• RECORD SET:
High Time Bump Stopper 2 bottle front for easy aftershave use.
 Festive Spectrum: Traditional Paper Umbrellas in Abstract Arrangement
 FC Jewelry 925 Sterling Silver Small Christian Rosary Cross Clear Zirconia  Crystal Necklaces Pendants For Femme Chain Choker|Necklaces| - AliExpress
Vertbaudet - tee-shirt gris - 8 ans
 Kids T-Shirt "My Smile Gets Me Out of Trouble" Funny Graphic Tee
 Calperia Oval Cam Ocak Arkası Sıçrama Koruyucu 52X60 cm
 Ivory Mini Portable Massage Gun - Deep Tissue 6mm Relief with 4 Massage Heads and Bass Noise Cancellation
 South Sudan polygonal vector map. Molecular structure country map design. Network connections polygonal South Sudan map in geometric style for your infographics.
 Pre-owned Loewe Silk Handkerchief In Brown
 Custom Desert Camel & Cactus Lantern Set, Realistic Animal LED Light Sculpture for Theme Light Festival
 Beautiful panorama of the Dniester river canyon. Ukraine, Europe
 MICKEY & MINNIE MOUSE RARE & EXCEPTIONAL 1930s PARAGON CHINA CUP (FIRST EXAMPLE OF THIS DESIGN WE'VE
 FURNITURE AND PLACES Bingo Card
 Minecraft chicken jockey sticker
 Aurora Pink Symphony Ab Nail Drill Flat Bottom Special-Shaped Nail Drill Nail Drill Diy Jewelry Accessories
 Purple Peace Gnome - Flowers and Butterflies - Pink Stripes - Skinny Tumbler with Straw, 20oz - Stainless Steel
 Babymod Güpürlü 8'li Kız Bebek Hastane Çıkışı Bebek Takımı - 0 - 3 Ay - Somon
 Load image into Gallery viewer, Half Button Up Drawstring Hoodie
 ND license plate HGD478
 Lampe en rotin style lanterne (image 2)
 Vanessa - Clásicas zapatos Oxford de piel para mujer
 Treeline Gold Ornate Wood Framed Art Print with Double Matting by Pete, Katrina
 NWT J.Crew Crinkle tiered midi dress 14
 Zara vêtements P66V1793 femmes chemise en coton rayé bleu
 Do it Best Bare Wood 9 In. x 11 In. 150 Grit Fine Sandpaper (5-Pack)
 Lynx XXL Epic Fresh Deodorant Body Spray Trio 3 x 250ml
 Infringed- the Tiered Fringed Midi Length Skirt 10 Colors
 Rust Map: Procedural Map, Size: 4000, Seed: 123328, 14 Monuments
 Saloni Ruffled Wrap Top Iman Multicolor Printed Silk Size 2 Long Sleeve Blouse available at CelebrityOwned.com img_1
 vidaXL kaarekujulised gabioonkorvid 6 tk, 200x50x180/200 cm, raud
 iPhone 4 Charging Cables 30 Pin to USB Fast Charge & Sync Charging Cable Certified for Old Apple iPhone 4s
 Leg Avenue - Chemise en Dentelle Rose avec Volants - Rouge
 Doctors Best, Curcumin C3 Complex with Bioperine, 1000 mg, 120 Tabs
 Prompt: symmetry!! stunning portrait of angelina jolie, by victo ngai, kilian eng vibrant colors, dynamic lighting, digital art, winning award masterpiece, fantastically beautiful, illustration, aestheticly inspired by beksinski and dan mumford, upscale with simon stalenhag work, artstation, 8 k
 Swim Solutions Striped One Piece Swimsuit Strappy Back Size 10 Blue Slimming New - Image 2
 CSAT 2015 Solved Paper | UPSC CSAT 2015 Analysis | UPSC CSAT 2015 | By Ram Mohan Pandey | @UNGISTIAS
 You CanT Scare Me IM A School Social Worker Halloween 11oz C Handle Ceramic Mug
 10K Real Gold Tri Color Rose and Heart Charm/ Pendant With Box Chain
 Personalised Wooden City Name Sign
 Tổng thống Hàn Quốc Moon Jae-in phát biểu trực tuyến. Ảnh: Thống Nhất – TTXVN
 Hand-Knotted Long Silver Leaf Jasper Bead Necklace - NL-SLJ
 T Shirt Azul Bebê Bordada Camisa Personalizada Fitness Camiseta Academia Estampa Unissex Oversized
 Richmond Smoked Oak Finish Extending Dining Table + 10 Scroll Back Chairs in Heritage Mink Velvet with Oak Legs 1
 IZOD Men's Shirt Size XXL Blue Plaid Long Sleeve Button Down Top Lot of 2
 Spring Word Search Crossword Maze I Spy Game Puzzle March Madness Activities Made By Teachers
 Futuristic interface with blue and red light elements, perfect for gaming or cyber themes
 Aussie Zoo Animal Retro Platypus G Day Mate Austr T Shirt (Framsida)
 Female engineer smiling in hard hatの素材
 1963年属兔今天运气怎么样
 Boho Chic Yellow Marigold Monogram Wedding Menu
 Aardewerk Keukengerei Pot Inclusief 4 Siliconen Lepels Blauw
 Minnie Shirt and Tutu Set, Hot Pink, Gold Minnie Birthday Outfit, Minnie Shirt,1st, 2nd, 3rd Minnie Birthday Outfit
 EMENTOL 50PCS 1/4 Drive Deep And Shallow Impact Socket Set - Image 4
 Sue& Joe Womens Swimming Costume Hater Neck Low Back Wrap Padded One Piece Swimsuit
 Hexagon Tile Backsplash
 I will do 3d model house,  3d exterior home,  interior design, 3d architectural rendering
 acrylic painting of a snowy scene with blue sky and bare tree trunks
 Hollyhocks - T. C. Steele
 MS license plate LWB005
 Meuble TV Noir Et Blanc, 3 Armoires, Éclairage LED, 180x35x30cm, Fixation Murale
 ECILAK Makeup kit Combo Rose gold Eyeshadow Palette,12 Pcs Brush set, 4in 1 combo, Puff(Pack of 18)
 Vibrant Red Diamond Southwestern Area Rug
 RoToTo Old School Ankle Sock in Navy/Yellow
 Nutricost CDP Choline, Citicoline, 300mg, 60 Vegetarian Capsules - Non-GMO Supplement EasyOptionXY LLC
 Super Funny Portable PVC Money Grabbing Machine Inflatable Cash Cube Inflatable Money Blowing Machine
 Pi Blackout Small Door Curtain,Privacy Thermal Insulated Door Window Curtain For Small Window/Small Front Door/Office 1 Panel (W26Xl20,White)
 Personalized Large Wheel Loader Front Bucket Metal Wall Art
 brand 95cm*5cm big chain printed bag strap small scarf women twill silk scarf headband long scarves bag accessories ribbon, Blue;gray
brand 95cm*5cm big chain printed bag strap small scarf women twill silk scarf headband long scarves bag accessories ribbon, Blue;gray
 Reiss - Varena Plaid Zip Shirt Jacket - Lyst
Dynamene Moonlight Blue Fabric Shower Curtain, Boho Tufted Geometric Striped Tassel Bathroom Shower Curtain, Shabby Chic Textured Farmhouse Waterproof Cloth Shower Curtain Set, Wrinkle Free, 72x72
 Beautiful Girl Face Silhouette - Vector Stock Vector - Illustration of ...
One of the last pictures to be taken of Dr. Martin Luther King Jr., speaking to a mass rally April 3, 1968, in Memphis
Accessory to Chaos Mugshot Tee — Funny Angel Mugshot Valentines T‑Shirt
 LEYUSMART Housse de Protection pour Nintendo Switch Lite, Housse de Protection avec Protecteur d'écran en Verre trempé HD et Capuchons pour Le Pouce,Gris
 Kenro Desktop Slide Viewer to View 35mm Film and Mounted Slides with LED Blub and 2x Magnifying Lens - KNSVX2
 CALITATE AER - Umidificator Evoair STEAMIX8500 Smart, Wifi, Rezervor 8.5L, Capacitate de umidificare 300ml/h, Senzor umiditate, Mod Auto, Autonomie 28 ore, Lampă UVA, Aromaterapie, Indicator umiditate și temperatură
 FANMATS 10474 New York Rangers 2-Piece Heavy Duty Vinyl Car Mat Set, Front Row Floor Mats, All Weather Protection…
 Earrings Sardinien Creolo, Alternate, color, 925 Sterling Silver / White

• WHAT IS BEING ASKED:
Please, from the entries above, set down exactly the lines from the one containing "NWT J.Crew Crinkle tiered midi dress 14" through the one containing "Rust Map: Procedural", and only those.

• TASK RESPONSE:
 NWT J.Crew Crinkle tiered midi dress 14
 Zara vêtements P66V1793 femmes chemise en coton rayé bleu
 Do it Best Bare Wood 9 In. x 11 In. 150 Grit Fine Sandpaper (5-Pack)
 Lynx XXL Epic Fresh Deodorant Body Spray Trio 3 x 250ml
 Infringed- the Tiered Fringed Midi Length Skirt 10 Colors
 Rust Map: Procedural Map, Size: 4000, Seed: 123328, 14 Monuments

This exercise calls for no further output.